Azaña admitía que la economía se encontraba en malas condiciones y afirmaba que sería necesario recortar gastos en ciertas áreas, no especificadas, mientras se aumentaban los ingresos mediante la tributación progresiva, lo que permitía pagar la aplicación de las obras públicas y la aceleración de la reforma agraria. Hablaba como si el deterioro de la economía fuera un producto de la naturaleza y no el resultado directo de las acciones del Frente Popular


No realizó esfuerzo alguno por afrontar el problema de la violencia política y el desorden generalizados; por el contrario, lo abordó como si él fuera una especie de observador filosófico y no el responsable máximo, presentando los habituales clichés “leyendanegristas” tan estimados por las izquierdas: “Ya sé yo que estando arraigada como está en el carácter español la violencia, no se la puede proscribir por decreto…”. Añadió que el Gobierno no había reprimido ciertos excesos debido a la “piedad y misericordia”, de modo que, si cabía atribuir la violencia a una idea abstracta llamada el “carácter español”, el jefe del Gobierno podía lavarse las manos con toda tranquilidad, como de hecho hacía. 
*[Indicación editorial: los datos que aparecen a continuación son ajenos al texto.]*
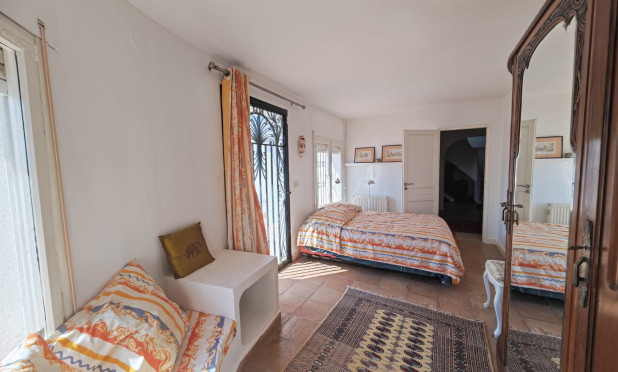 Resale - Villa - Benissa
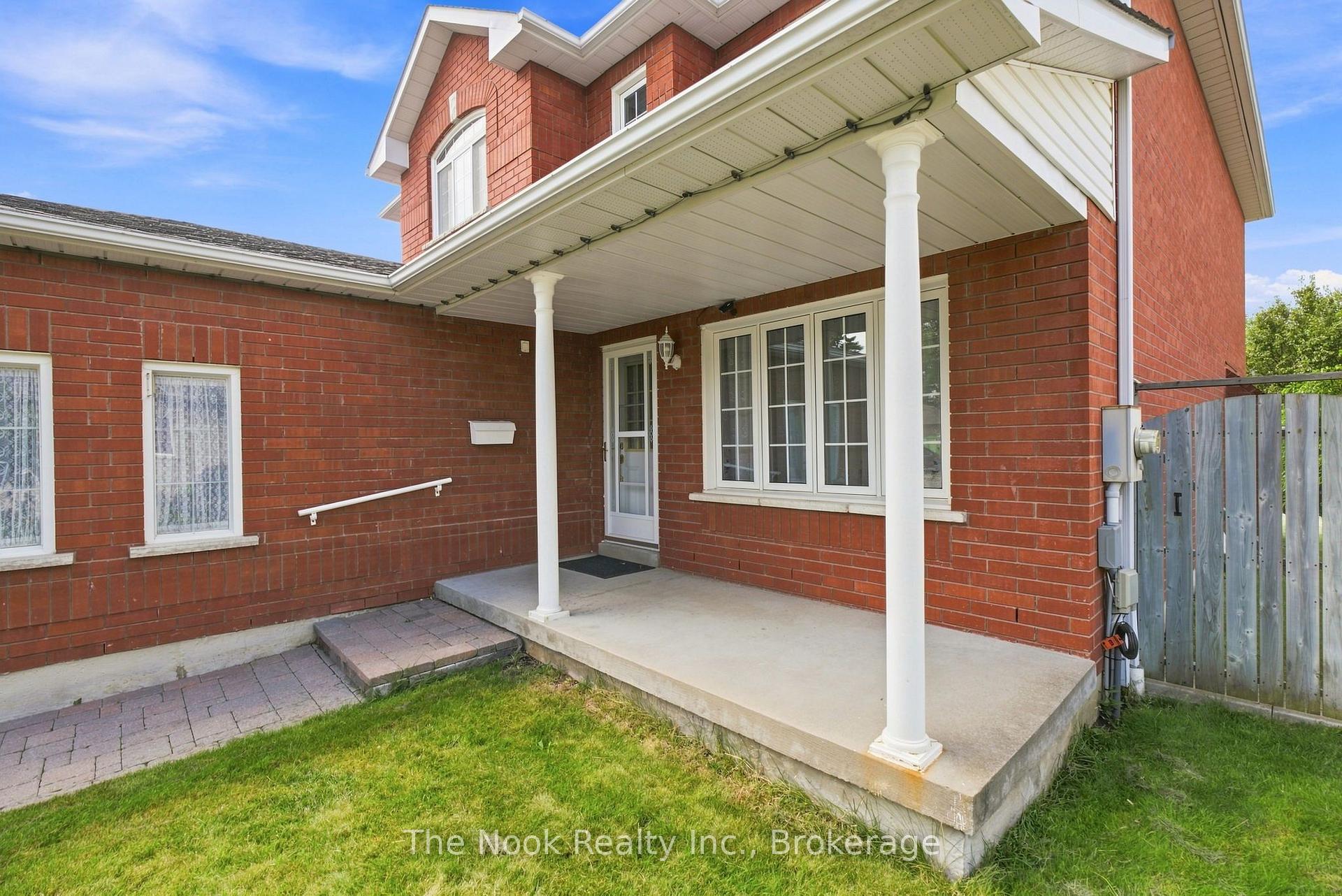 Photo 3 of 3544 Garrard Road, Whitby, Rolling Acres — HOMEH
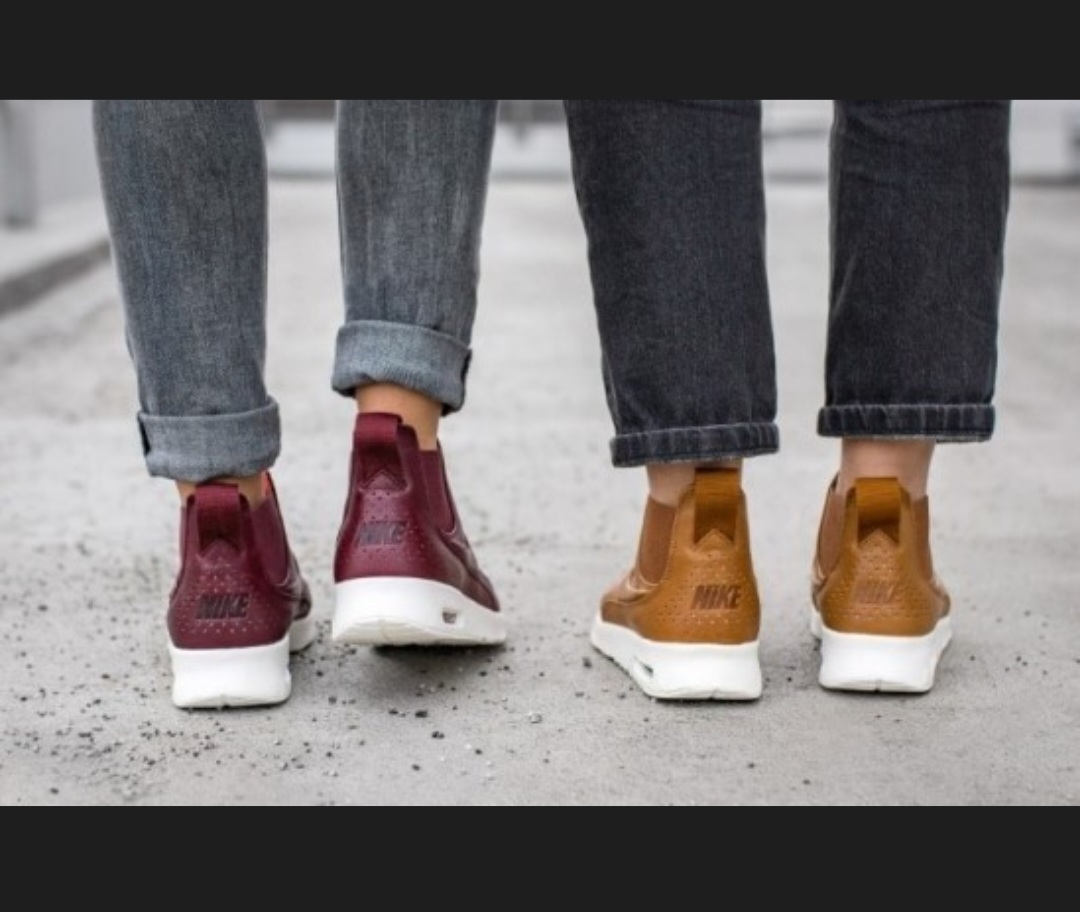 나이키 여성 운동화 (새거) 230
Por parte de las derechas respondieron Calvo Sotelo y Gil-Robles, aunque el primero, en nombre de la derecha radical, exigía un cambio drástico de régimen, mientras el líder de la CEDA aceptaba el Gobierno existente y pretendía influir en él para moderar sus políticas. El discurso de Calvo Sotelo fue una de las declaraciones maratonianas típicas de la época, cuyo texto y apéndices ocuparon once páginas en el Diario de las Sesiones de las Cortes. Así presentó el primero de una serie de informes sobre los actos de violencia y destrucción en España, afirmando que entre el 15 de febrero y el 1 de abril, 74 personas habían sido asesinada por motivos políticos y 345 habían resultado heridas. Asimismo se habían incendiado 106 iglesias, de las que 56 habían quedado arrasadas. Puesto que el Gobierno no presentó estadísticas que refutaran estos datos, bastantes historiadores las consideran en esencia correctas, como de verdad parecen ser. A continuación, Calvo Sotelo citó algunos discursos de portavoces revolucionarios en los que declaraban que estos actos violentos eran el comienzo de la destrucción revolucionaria, lo que también era esencialmente correcto. 
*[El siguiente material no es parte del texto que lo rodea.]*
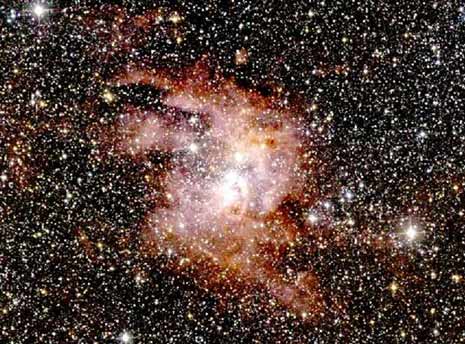 Un’immagine a grande campo della nebulosa NGC 3603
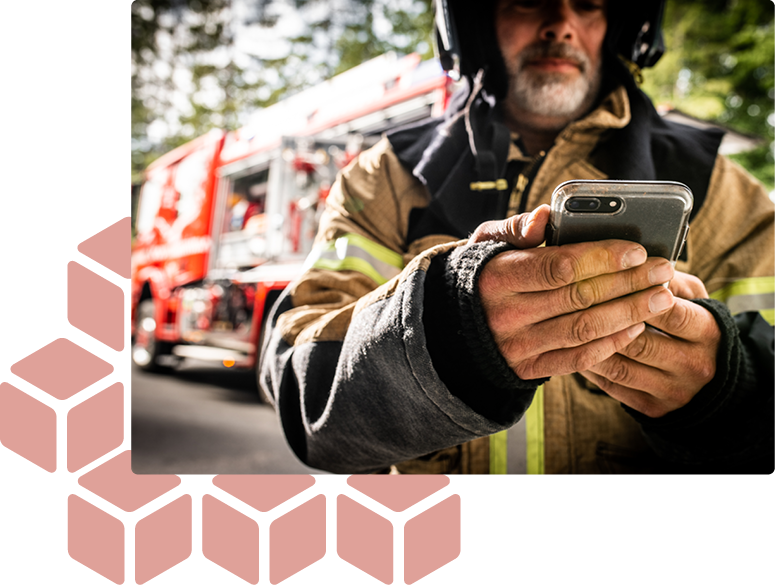pompier utilisant un smartphone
Gil-Robles tomó la palabra entre los habituales gritos y tumultos, y afirmó que la CEDA ofrecería su apoyo parlamentario para llevar a cabo reformas sociales constructivas, si bien estas no parecían ser el objetivo principal de las izquierdas. Hizo una advertencia contra el intento del Gobierno de gobernar solo para una mitad del país:


“Una masa considerable de la opinión española que, por lo menos, es la mitad de la nación, no se resigna a morir, yo os lo aseguro”,


Dirigiéndose a Azaña añadió:


“Yo creo que S.S. va a tener dentro de la República otro sino más triste, que es el de presidir la liquidación de la República democrática… Cuando la guerra civil estalle en España, que se sepa que las armas las ha cargado la injuria de un Gobierno que no ha sabido cumplir con su deber frente a los grupos que se han mantenido dentro de la más estricta legalidad”. 
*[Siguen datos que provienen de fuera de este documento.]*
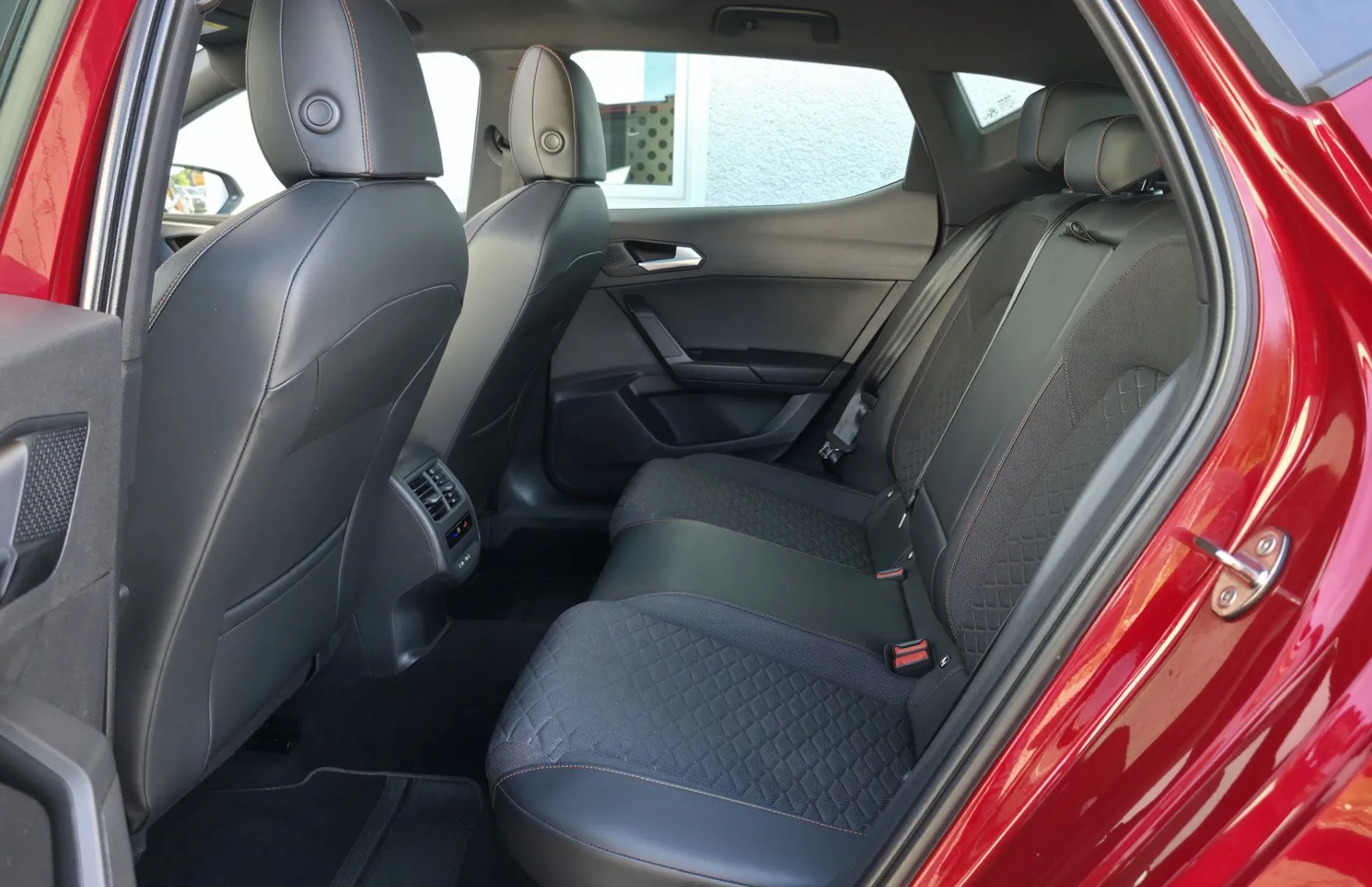 Zunanja slika - Seat Leon - 2.0TDI FR FULLED•PANOR•ACC•LANE•VIRTUAL•PDC-360•18 - 8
Esta sesión fue la ocasión para que José Díaz, secretario general del Partido Comunista, declarase en un discurso que Gil-Robles “morirá con los zapatos puestos”. Era la típica amenaza de asesinato político de los portavoces revolucionarios, aunque a Martínez Barrio le pareció una afirmación excesiva para ser pronunciada en una sesión de las Cortes. Llamó al orden a Díaz y decretó que la declaración no figurase en las actas. 


Al día siguiente, el Parlamento volvió a reunirse en una atmósfera sobrecargada devino al cortejo fúnebre del guardia civil De los Reyes, que, en un momento dado, amenazó con pasar frente a las Cortes. Azaña empleó su retórica acostumbrada, atribuyendo toda la culpa de la violencia a la derecha y a su “profecías”. Con desprecio y sin asumir la menor responsabilidad personal, declaró: “Yo no me quiero lucir sirviendo de ángel custodio a nadie. Pierdan SS.SS. el miedo y no nos pidan que les tienda la mano. ¿No querían violencia, no les molestaban las instituciones de la República? Pues tengan violencia”. 


Palabras muy extrañas para ser pronunciadas por un primer ministro de una democracia occidental, pero la República revolucionaria ya no era una típica democracia occidental. Palabras especialmente hipócritas en la boca de alguien como Azaña, famoso por su preocupación y su miedo en lo que a su seguridad personal se refería. De todos los discursos de Azaña, quizá este pudo haber sido el más imprudente. Decir que los cinco años de actividad de la CEDA dentro de la legalidad constitucional solo demostraban que “querían la violencia” era de lo más delirante e incendiario. El espectáculo de un presidente del Gobierno parlamentario invitando a la oposición a tomar parte en una guerra civil no tenía precedentes, aunque las amenazas por parte de los presidentes del Congreso y de otros portavoces de las izquierdas continuarían hasta el 18 de julio. 


Azaña subrayó la importancia de mantener la unidad delas izquierdas y prometió que no haría nada que pudiera abrir “una brecha”. Con esto reafirmaba la esencia de su política: solidaridad con los revolucionarios contra viento y marea. Para evitar un conflicto con ellos, ya había cancelado las elecciones municipales y pronto aceptaría una política de coerción violenta para controlar los resultados de las elecciones especiales en Cuenca y Granada. Esta postura impidió una reconciliación de los moderados e hizo casi inevitable el fracaso de lo que quedaba de la democracia republicana. En este proceso no hubo ninguna decisión más importante que la que estaba tomando Azaña.